- **Entries shown**:
-*-

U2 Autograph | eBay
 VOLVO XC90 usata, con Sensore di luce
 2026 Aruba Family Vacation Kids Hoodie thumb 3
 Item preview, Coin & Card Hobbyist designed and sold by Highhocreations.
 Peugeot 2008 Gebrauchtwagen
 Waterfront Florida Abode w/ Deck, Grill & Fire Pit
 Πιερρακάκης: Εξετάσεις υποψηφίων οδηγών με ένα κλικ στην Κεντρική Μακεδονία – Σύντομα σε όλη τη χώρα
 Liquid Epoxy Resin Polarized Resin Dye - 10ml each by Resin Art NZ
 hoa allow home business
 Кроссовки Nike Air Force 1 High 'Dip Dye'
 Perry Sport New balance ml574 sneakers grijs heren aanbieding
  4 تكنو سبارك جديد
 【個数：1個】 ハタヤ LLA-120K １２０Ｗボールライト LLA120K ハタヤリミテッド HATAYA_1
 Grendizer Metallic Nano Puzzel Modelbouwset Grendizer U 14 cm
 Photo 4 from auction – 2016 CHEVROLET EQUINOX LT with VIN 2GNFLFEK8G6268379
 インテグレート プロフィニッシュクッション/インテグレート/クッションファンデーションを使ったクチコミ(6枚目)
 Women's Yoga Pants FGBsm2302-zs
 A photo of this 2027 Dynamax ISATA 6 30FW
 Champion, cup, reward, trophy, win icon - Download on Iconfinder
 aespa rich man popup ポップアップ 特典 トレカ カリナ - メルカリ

-*-

The whole of the data above must be given again, unaltered and complete.

U2 Autograph | eBay
 VOLVO XC90 usata, con Sensore di luce
 2026 Aruba Family Vacation Kids Hoodie thumb 3
 Item preview, Coin & Card Hobbyist designed and sold by Highhocreations.
 Peugeot 2008 Gebrauchtwagen
 Waterfront Florida Abode w/ Deck, Grill & Fire Pit
 Πιερρακάκης: Εξετάσεις υποψηφίων οδηγών με ένα κλικ στην Κεντρική Μακεδονία – Σύντομα σε όλη τη χώρα
 Liquid Epoxy Resin Polarized Resin Dye - 10ml each by Resin Art NZ
 hoa allow home business
 Кроссовки Nike Air Force 1 High 'Dip Dye'
 Perry Sport New balance ml574 sneakers grijs heren aanbieding
  4 تكنو سبارك جديد
 【個数：1個】 ハタヤ LLA-120K １２０Ｗボールライト LLA120K ハタヤリミテッド HATAYA_1
 Grendizer Metallic Nano Puzzel Modelbouwset Grendizer U 14 cm
 Photo 4 from auction – 2016 CHEVROLET EQUINOX LT with VIN 2GNFLFEK8G6268379
 インテグレート プロフィニッシュクッション/インテグレート/クッションファンデーションを使ったクチコミ(6枚目)
 Women's Yoga Pants FGBsm2302-zs
 A photo of this 2027 Dynamax ISATA 6 30FW
 Champion, cup, reward, trophy, win icon - Download on Iconfinder
 aespa rich man popup ポップアップ 特典 トレカ カリナ - メルカリ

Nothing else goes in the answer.